The Supreme Court elected not to fast track the decision on whether the Affordable Care Act (ACA) is constitutional in Texas v. United States. Expediting the review was a no-lose request for Democrats. If overturned, the Republicans would have to reveal their plan to remake healthcare without being able to blame the Obama administration. If upheld, the status quo would be maintained as the battle-lines are already drawn.
Thoughts from Craig Hasday
Deciding not to fast track was a clear victory for the Republicans. Republicans are not going to be forced to address the issue of healthcare without the Affordable Care Act prior to the upcoming election. Therefore, rest assured, there won’t be any sweeping change presented. There is just too much risk. No doubt any solution that is offered will be objectionable to a portion of America. That’s the problem with change. There would be winners and losers. The winners will be very quiet – but the losers will be vocal in their dissent.

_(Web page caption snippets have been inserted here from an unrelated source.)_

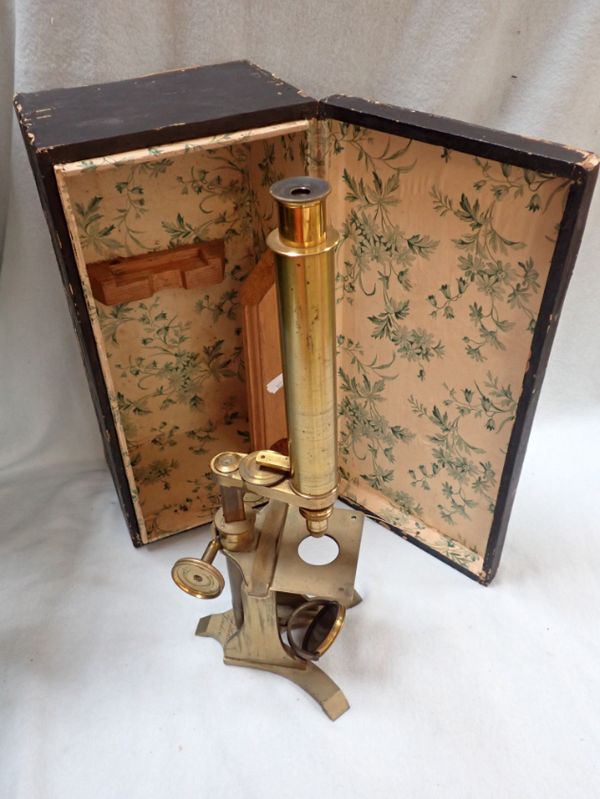 A 19TH CENTURY MONOCULAR MICROSCOPE BY BAKER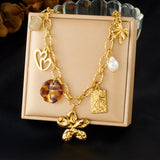 Collier Acier Inoxydable Doré – Fleur, Cœur & Soleil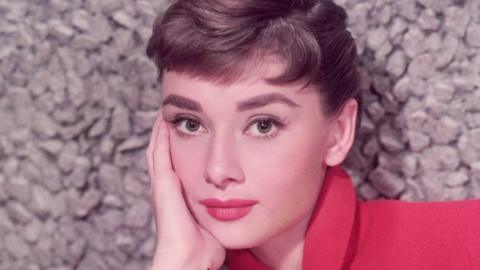 An image of a young Audrey Hepburn, with light brown hair and wearing a red jacket and red lipstick, with her face in her hand looking into the camera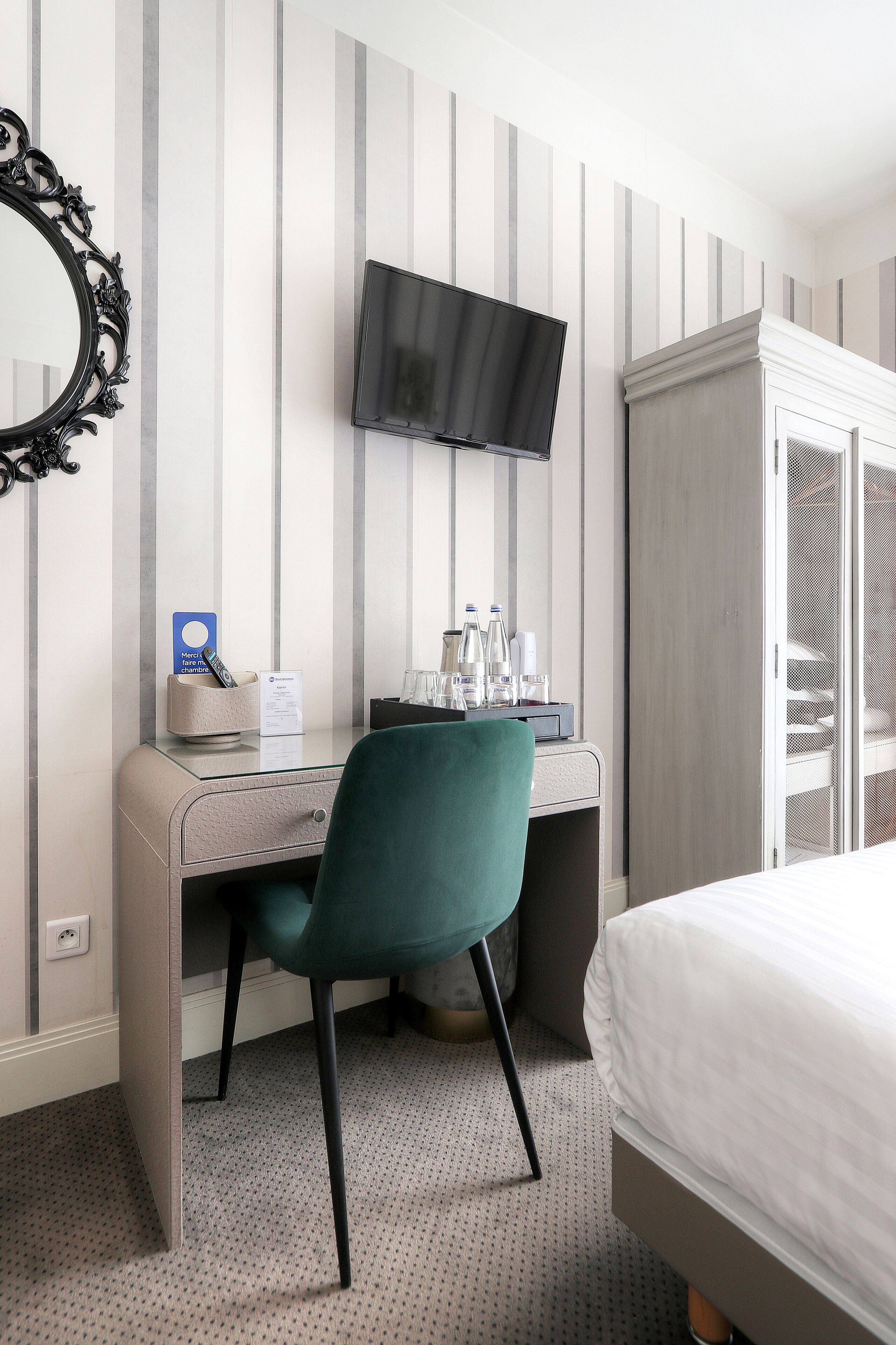 Una habitación de hotel con cama, escritorio, silla, televisor y armario.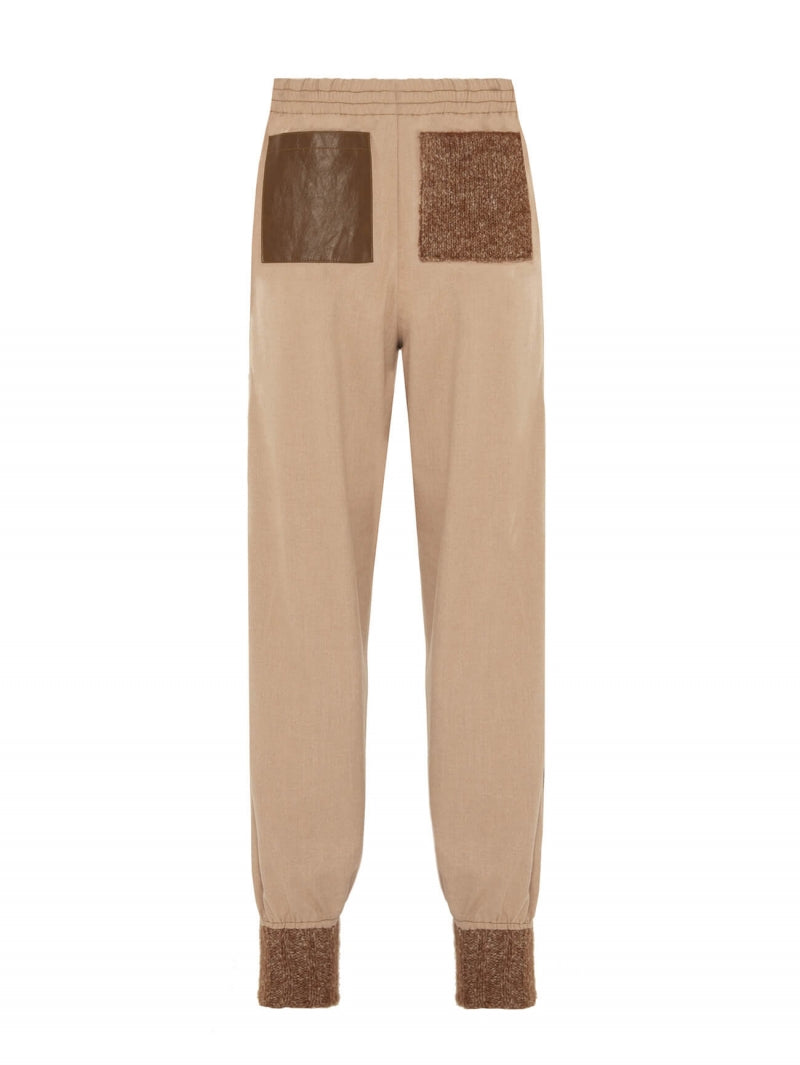 Pantaloni con inserto in eco-pelle e maglia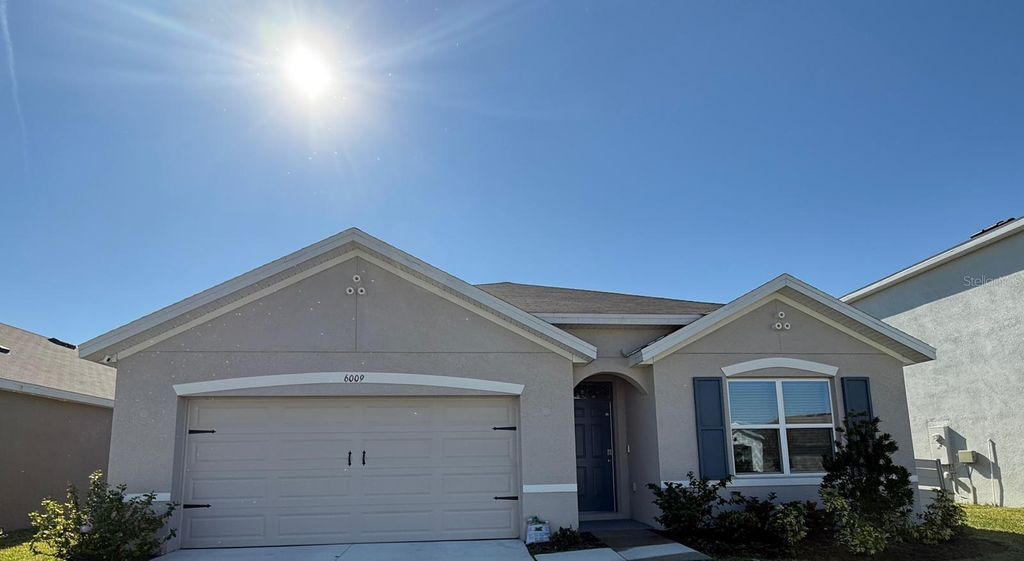 Photo of 6009 Wandering Willow Dr, Wesley Chapel, FL 33545 (MLS # O6363946)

Surprisingly, there have been a couple of significant changes that had bipartisan support; the Cadillac Tax on high-cost health plans was repealed and the Health Insurance Tax (HIT), which had been assessed against insurance carriers and passed back to policyholders as an addition to premium, was also eliminated. So, two of the tax offsets to the costs associated with the Affordable Care Act will no longer be available. But that may be it legislatively until 2021. It’s clear that both parties are happy with giving voters universal good news.
But the kind of changes that make a real impact will change the equilibrium. With the required pay-for, it will be tough in this election year to address the biggest concern of the average American: worsening benefits resulting in higher out-of-pocket costs. I read a recent report by the Agency for Healthcare Research and Quality (AHRQ) on how higher deductibles are impacting families, with out-of-pocket costs for maternity skyrocketing. While costs have remained fairly stable, the family’s share of these costs increased from about 13% in 2008 to almost 21% ($4,569) in 2015.
I might have expected there would be political impetus to legislate around two other concerns: surprise billing and the astounding increase in prescription drug prices. And there are both federal and state bills pending with the losers being an easy target – healthcare providers and the pharmaceutical industry. Another bill, the Health Savings for Seniors Act, which would allow Medicare-eligible policyholders to participate in Health Savings Accounts, has a chance and I think it makes sense. But in this polarized political environment, even low-hanging fruit won’t be easy since neither party wants to give the other a perceived victory.
Politics are making a difficult problem almost insurmountable.